Task to complete: Only text lines belong in the answer: the lines from the first one in the records through the line with "Decorate your home", copied exactly.

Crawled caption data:
_____
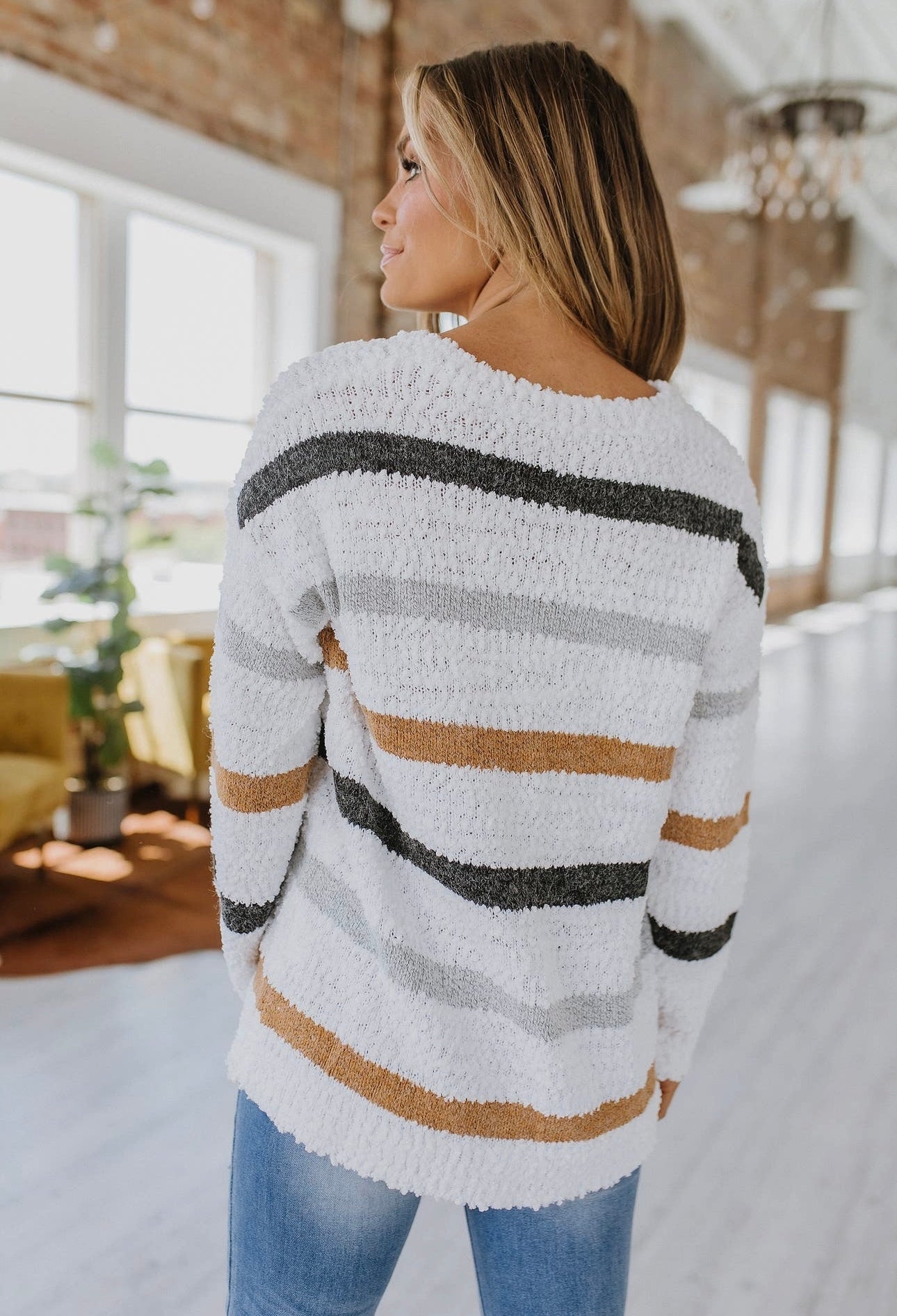 McKinley Striped Popcorn Sweater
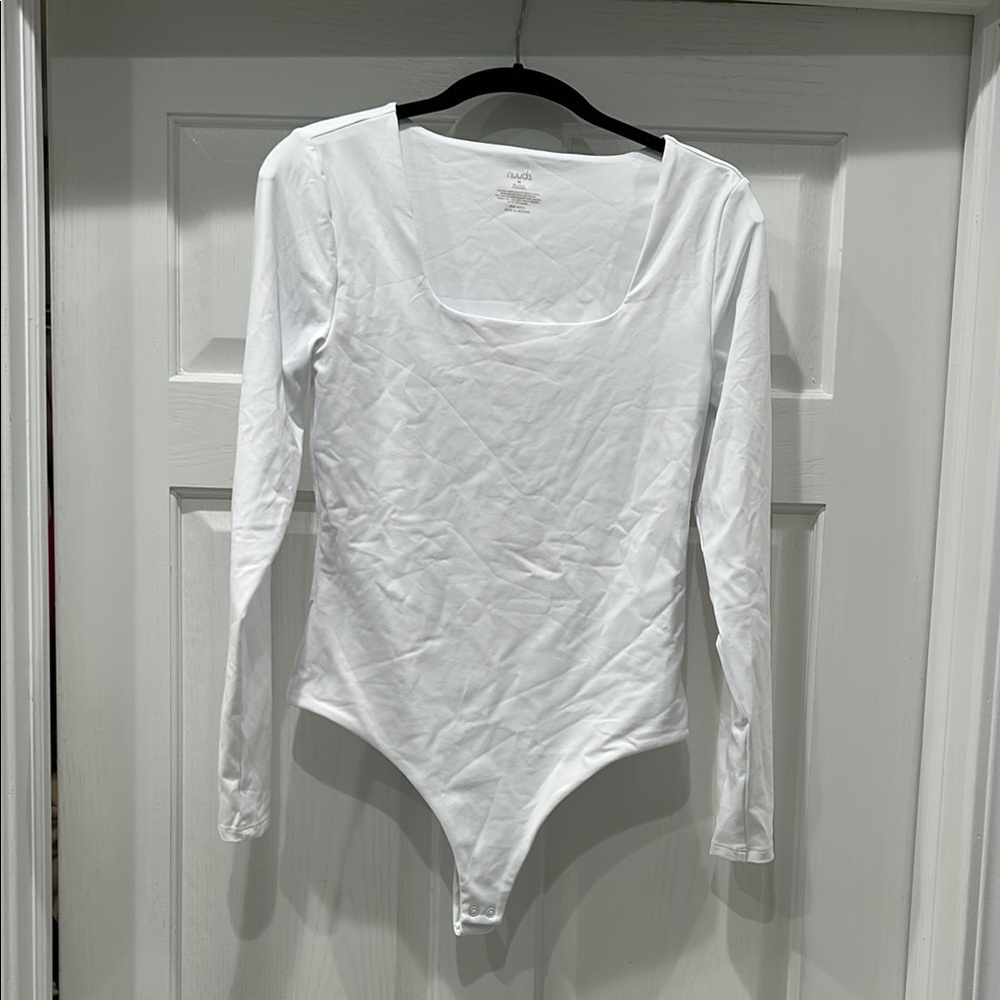 Nuuds - medium White Long Sleeve Bodysuit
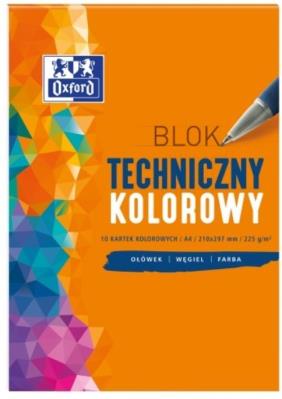 Blok techniczny A4/10K 225G kolor (20szt) OXFORD. Wydawca: Oxford. SmakLiter.pl Opakowanie Blok techniczny A4/10K 225G kolor (20szt) OXFORD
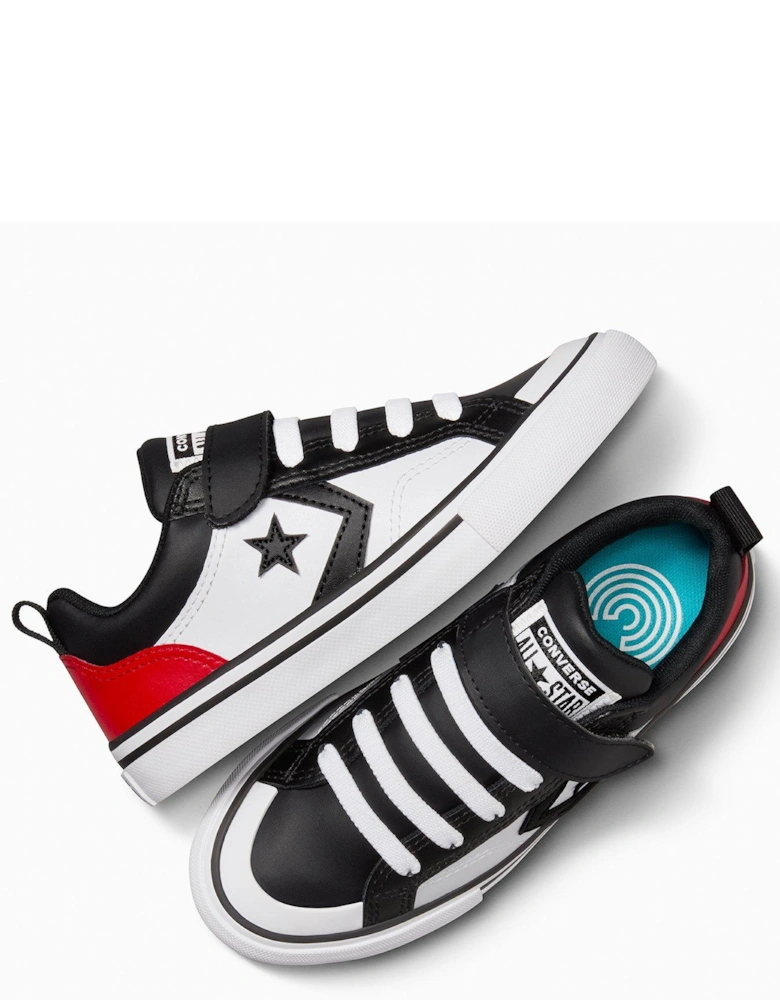 Kids Pro Blaze Strap Leather Ox - Black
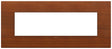 Vimar Arke Classic Plate 7M Cherry Wood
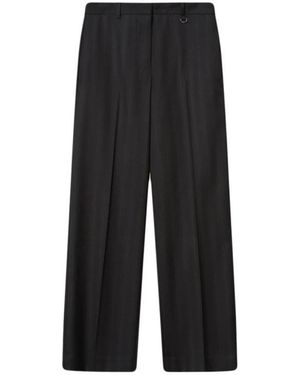 Isabel Marant Broeken ,Grijs ,Wol Noanda Broek - Zwart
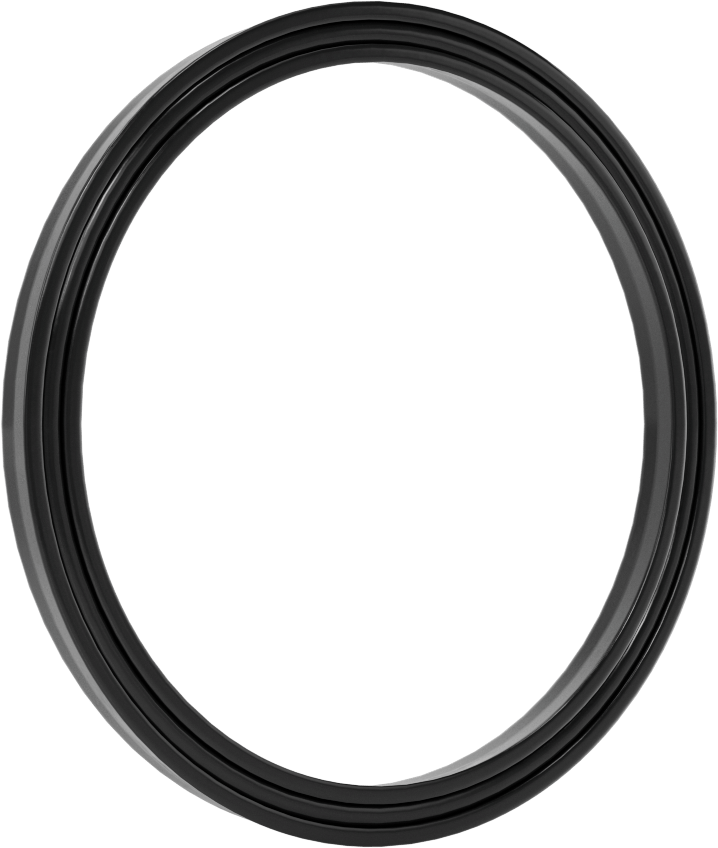 O-Ring Yüklü U-Cup Conta, 0,275" Oluk Genişliği için, 3“ İç Çap x 3,5” Dış Çap x 0,25" Genişlik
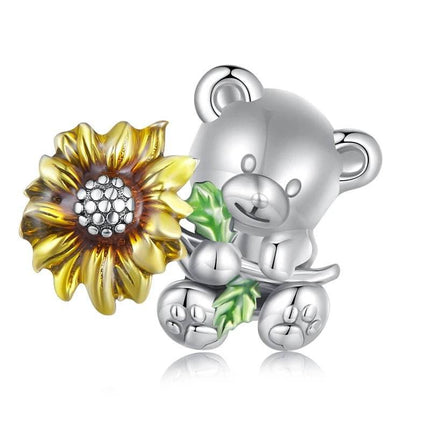 Women Daisy Flower 925 Sterling Silver Charms - Mad Fly Essentials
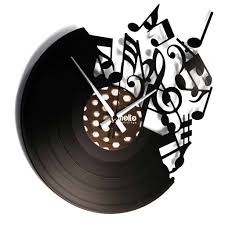Decorate your home or office with one of our music wall clocks! Music Was My First Love Vinyl Record Clock Gift Idea For Music Lovers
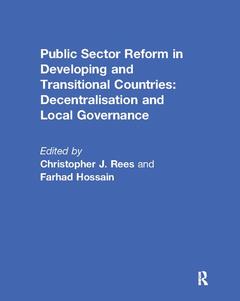 Couverture de l’ouvrage Public Sector Reform in Developing and Transitional Countries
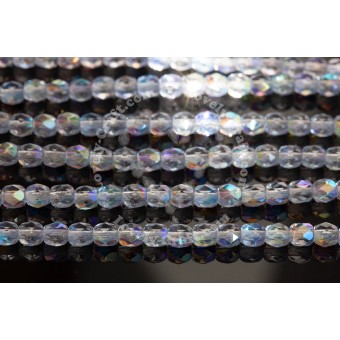 Бусины Fire Polished 4 мм цвет Xtra Light Sapphire (#3001AB) (Чехия)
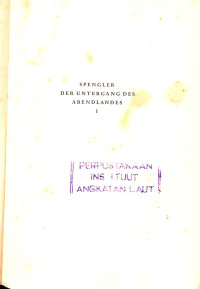 Image of Oswald Spengler Deruntergangdes Abendlandes I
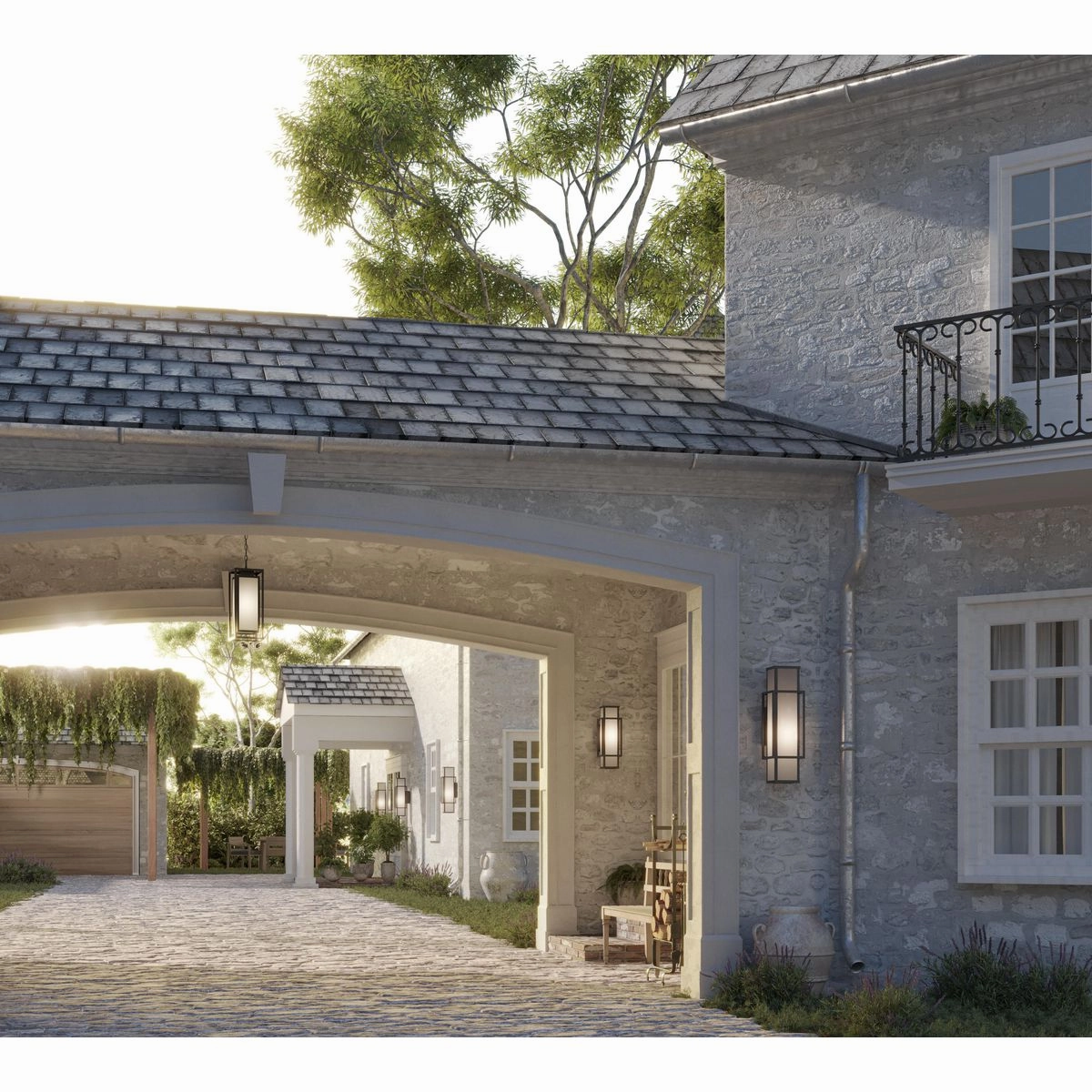 Unison 1-Light Outdoor Pendant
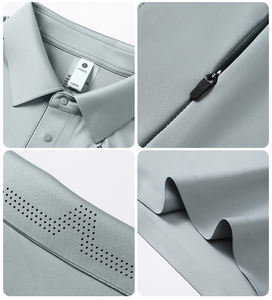 Camiseta Polo Deportiva de Manga Corta con Bolsillo y Tacto Refrescante, Personalizable con Bordado, Tejido de Punto, Secado Rápido, para Hombre, Venta al Por Mayor - Product Image 5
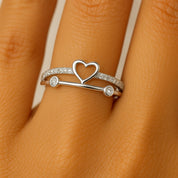 Heartbeat Spark Ring (R 131-6)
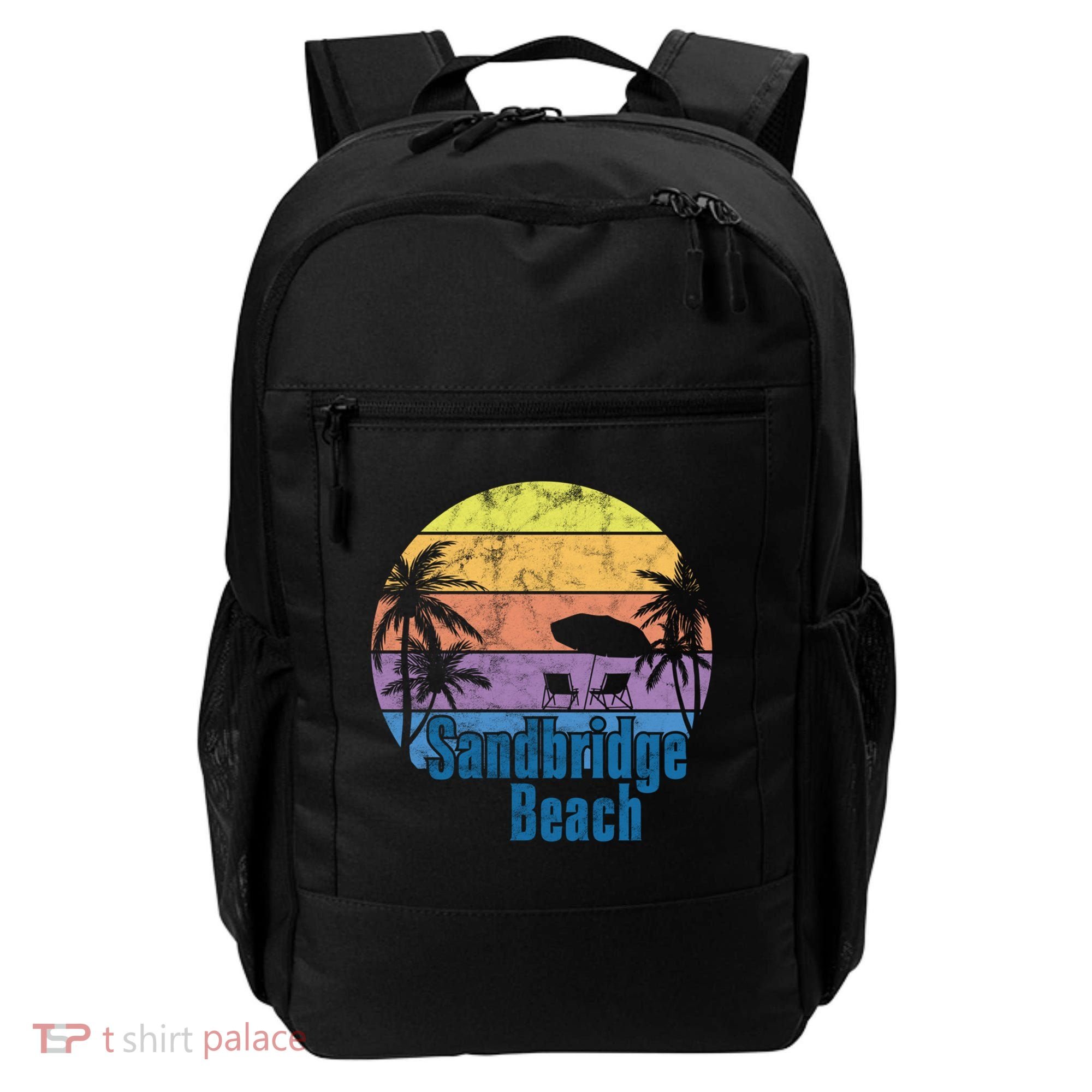 Sandbridge Virginia Beach Retro Sunset Family Beach Vacation Gift Backpack
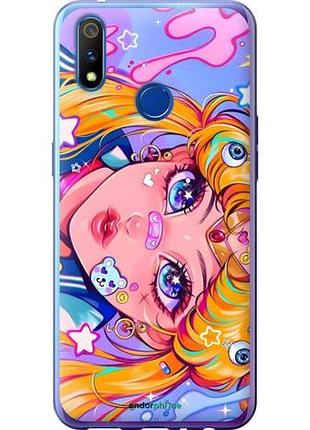 Чехол на realme 3 pro сейлор мун 4 риалми 3 про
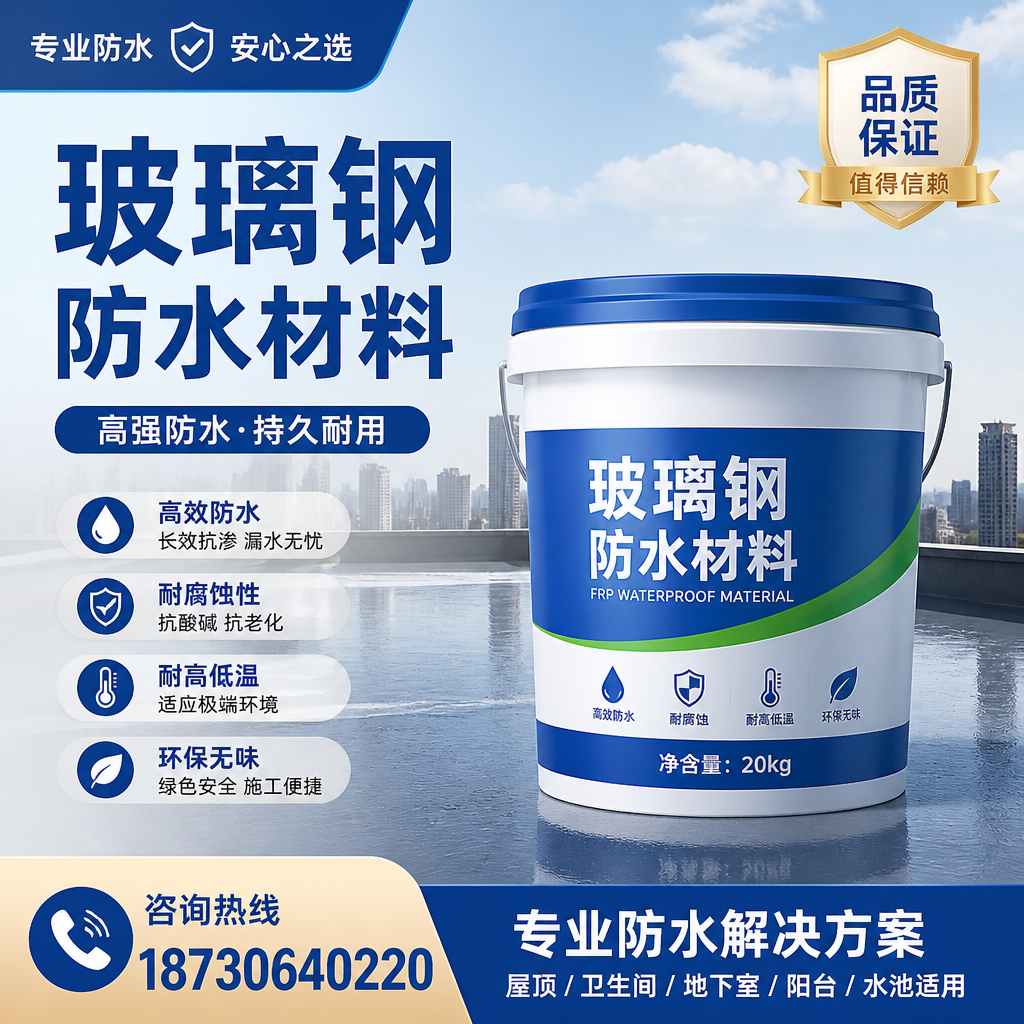 了解玻璃钢防水材料的市场趋势，贵阳 企业不可不知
_____
Output:
 McKinley Striped Popcorn Sweater
 Nuuds - medium White Long Sleeve Bodysuit
 Blok techniczny A4/10K 225G kolor (20szt) OXFORD. Wydawca: Oxford. SmakLiter.pl Opakowanie Blok techniczny A4/10K 225G kolor (20szt) OXFORD
 Kids Pro Blaze Strap Leather Ox - Black
 Vimar Arke Classic Plate 7M Cherry Wood
 Isabel Marant Broeken ,Grijs ,Wol Noanda Broek - Zwart
 O-Ring Yüklü U-Cup Conta, 0,275" Oluk Genişliği için, 3“ İç Çap x 3,5” Dış Çap x 0,25" Genişlik
 Women Daisy Flower 925 Sterling Silver Charms - Mad Fly Essentials
Decorate your home or office with one of our music wall clocks! Music Was My First Love Vinyl Record Clock Gift Idea For Music Lovers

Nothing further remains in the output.